Providing good service

Beth Gold-Bernstein had a great post entitled, “The Second S in Saas” that outlined her experience in trying to get a backup restored from an online survey site.

This is clearly important when you’re dealing with external service providers, but I’d like to add that it is equally important for the services that you build in house. The typical large enterprise today is rife with politics, with various organizations battling for control, whether they realize it or not. SOA strikes fear into the heart of many a project manager because the success of their effort is now dependent on some other team. Ultimately, however, success is not defined by getting the project done on time and on budget, success can only be determined by meeting the business goals that justified the project in the first place. If something goes wrong, what’s the easiest course of action? Point the finger at the elements that were outside of your control.

I experienced this many times over when rolling out some new web service infrastructure at an organization. Teams building services were required to use it, and whenever something went wrong, it was the first thing that was blamed, usually without any root cause analysis. Fortunately, I knew that in order to provide good service for the teams that were leveraging this new infrastructure, I needed to be on top of it. I usually knew about problems with services before they did, and because the infrastructure put in place increased visibility, it was very easy to show that it wasn’t the new infrastructure, and in fact, the new infrastructure provided the information necessary to point to where the problem really was.

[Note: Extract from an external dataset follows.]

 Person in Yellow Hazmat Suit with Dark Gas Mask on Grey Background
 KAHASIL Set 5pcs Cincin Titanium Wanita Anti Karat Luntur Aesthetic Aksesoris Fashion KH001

Interestingly, this infrastructure was in the middle, between the consumer and the provider. Arguably, the teams responsible for the services should be looking at the same information I was, and be on top of these problems before some user calls up and says it’s broken.

If you simply put services into production and ignore it until the fire alarm goes off, you’re going to continue to struggle in achieving higher levels of success with SOA adoption, whether you’re a SaaS provider or a service developer inside the enterprise.